» WHAT YOU HAVE TO DO: Each line from the one holding "This is a 2008" through the end of the records should be returned exactly, while pictures are skipped.

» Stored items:

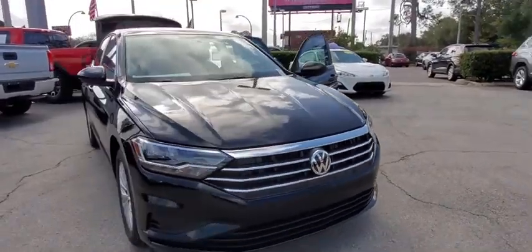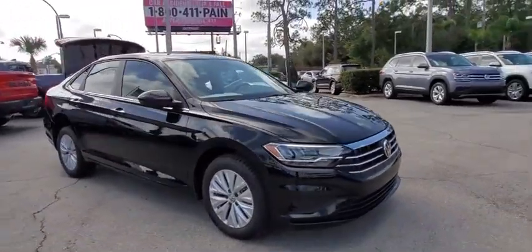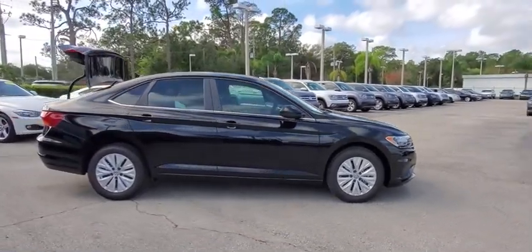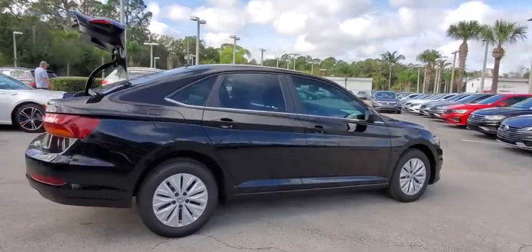Take a ride in the 2019 Volkswagen Jetta. The Jetta is a premium car that is family friendly with a great price. Agile and confident handling — the Volkswagen Jetta.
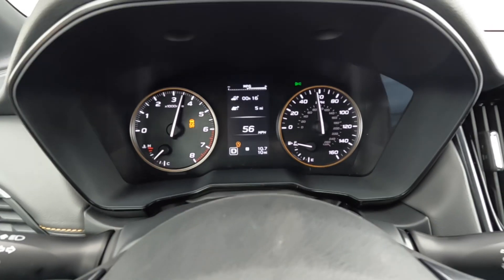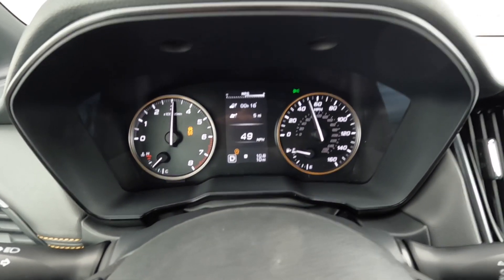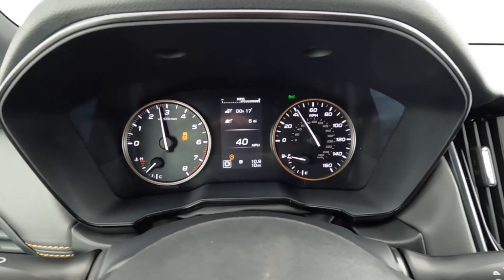Not bad given that we're at 3500 feet of density altitude, so the vehicle is down on power six or seven percent. If you enjoyed this video please consider liking, commenting, and subscribing — there's going to be a lot more good reviews and performance testing to follow. Take care guys.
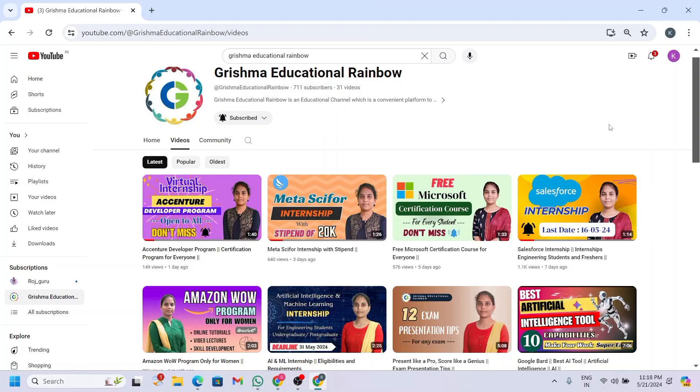Hello friends, welcome to my channel. If you haven't subscribed, please subscribe for the latest updates on internships, job opportunities, certifications, and programs for technical students. Your subscription and likes motivate me to create more helpful videos.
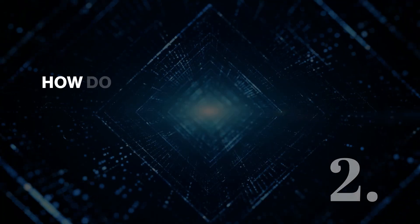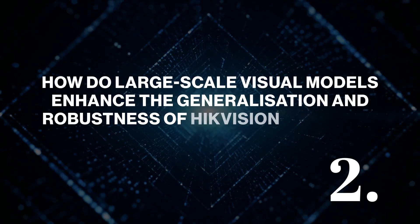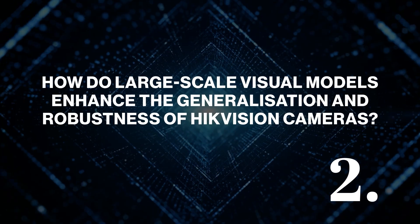How do large-scale visual models enhance the generalisation and robustness of HikVision cameras? Large vision models work on billions of images, so they can transfer that knowledge — that spatial awareness and the identification of shapes and colours — to a new scene. If the environment changes, they're able to adapt quickly and still perform and give you the results that you're looking for.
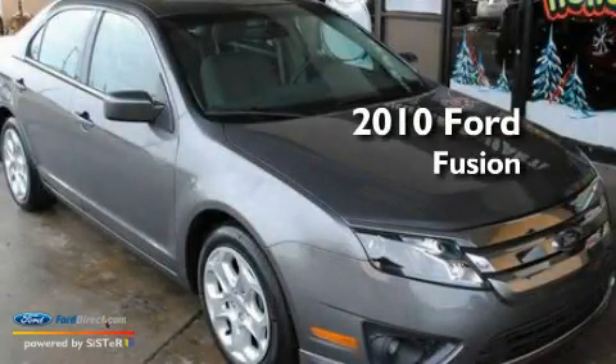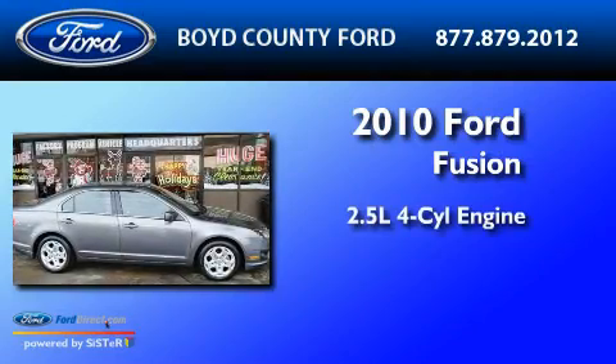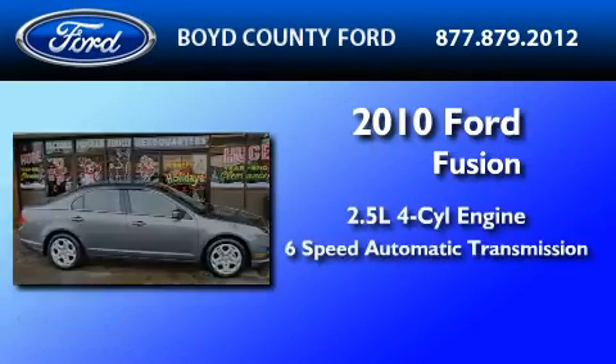This is a 2010 Ford Fusion. It has a 2.5 liter 4-cylinder engine and a 6-speed automatic transmission.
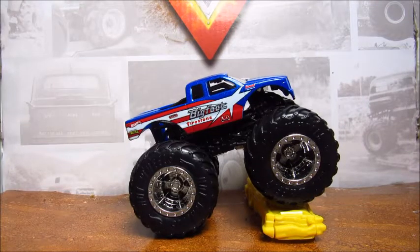Welcome back, Monster Jam fans and Hot Wheels fans, to another Hot Wheels Monster Trucks review. Today we are looking at Bigfoot 9, the Target exclusive Bigfoot.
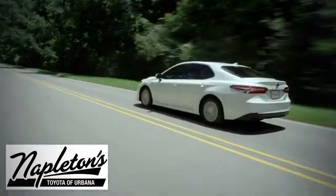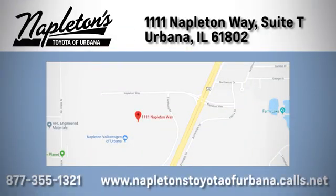From the time you come into our facility, you can see why Napleton's Toyota of Urbana is different from the competition. Call, click, or stop in today. We're located at 1111 Napleton Way in Urbana.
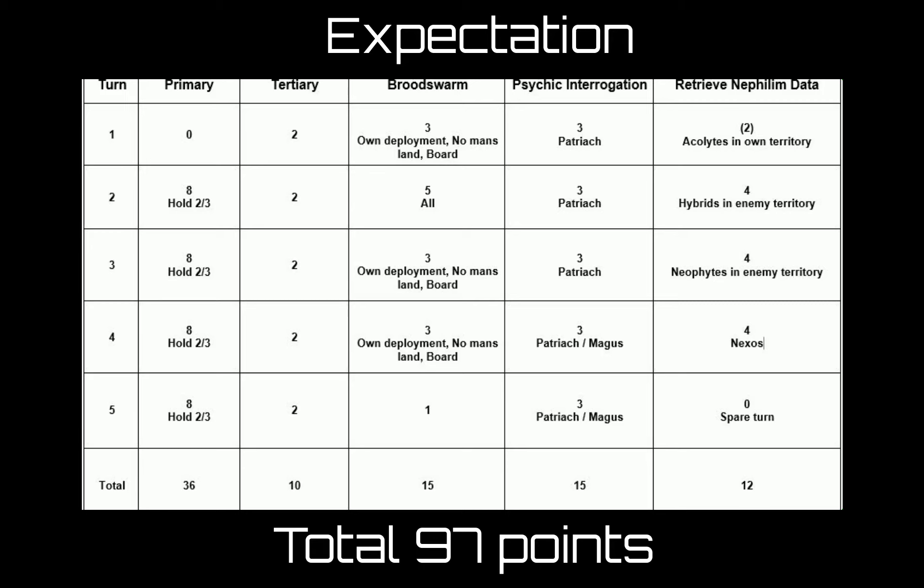For Psychic Interrogation, my Patriarch will move up toward the middle — he moves eight and can auto-advance six for a CP — to get within 24 inches of an enemy character. I'll score three points per turn for at least the first three turns. If he dies around turn four, my Magus steps up to score in the last two turns since he can deny and cast from anywhere on the board. That maxes out Psychic Interrogation at 15 points.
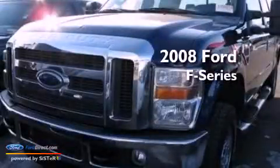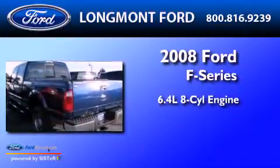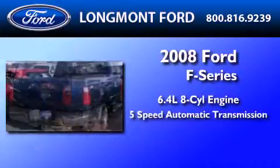This is a 2008 Ford F-250. It features a 6.4-liter 8-cylinder engine and a 5-speed automatic transmission.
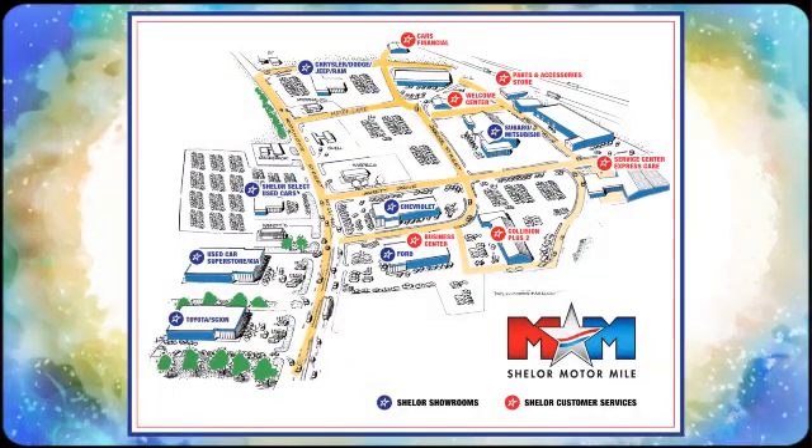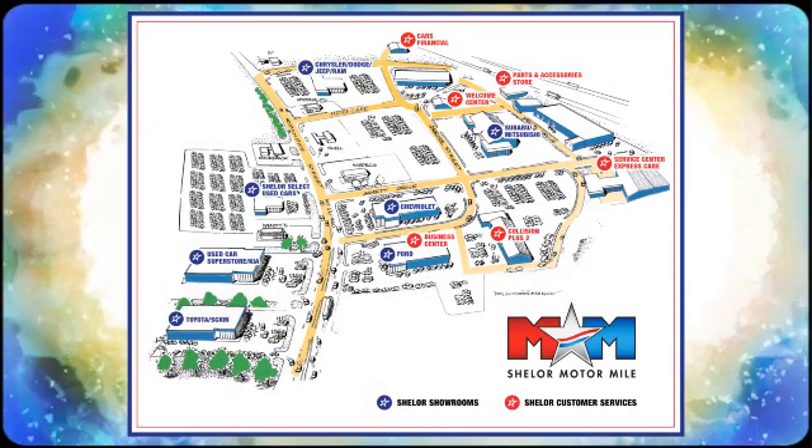Call, click, or stop in. We're conveniently located at 200 Motor Lane in Christiansburg, Virginia.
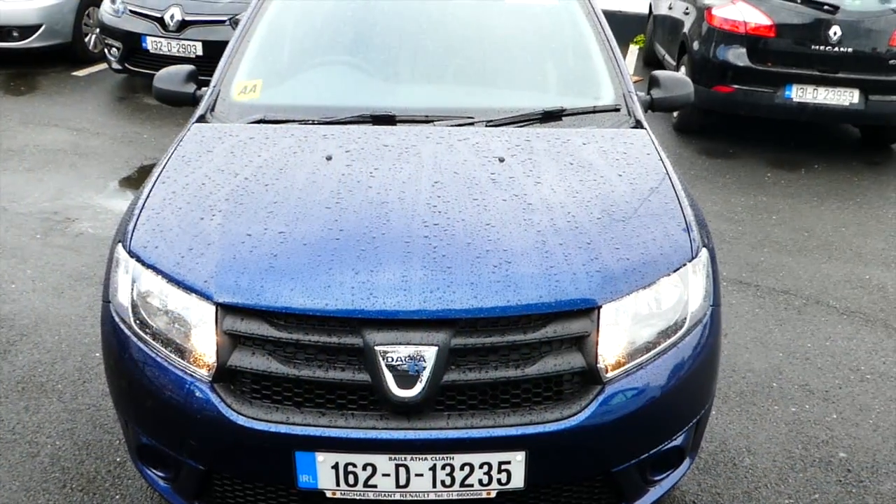Hi, Brian here from Michael Garant, Renault and Dacia in Sandymount. Thank you for taking an interest in this vehicle. I'm now going to do a quick walk-around video to show you some of the main features of the car.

» WRITTEN RESPONSE:
This is a 2008 Ford F-250. It features a 6.4-liter 8-cylinder engine and a 5-speed automatic transmission.
Call, click, or stop in. We're conveniently located at 200 Motor Lane in Christiansburg, Virginia.
Hi, Brian here from Michael Garant, Renault and Dacia in Sandymount. Thank you for taking an interest in this vehicle. I'm now going to do a quick walk-around video to show you some of the main features of the car.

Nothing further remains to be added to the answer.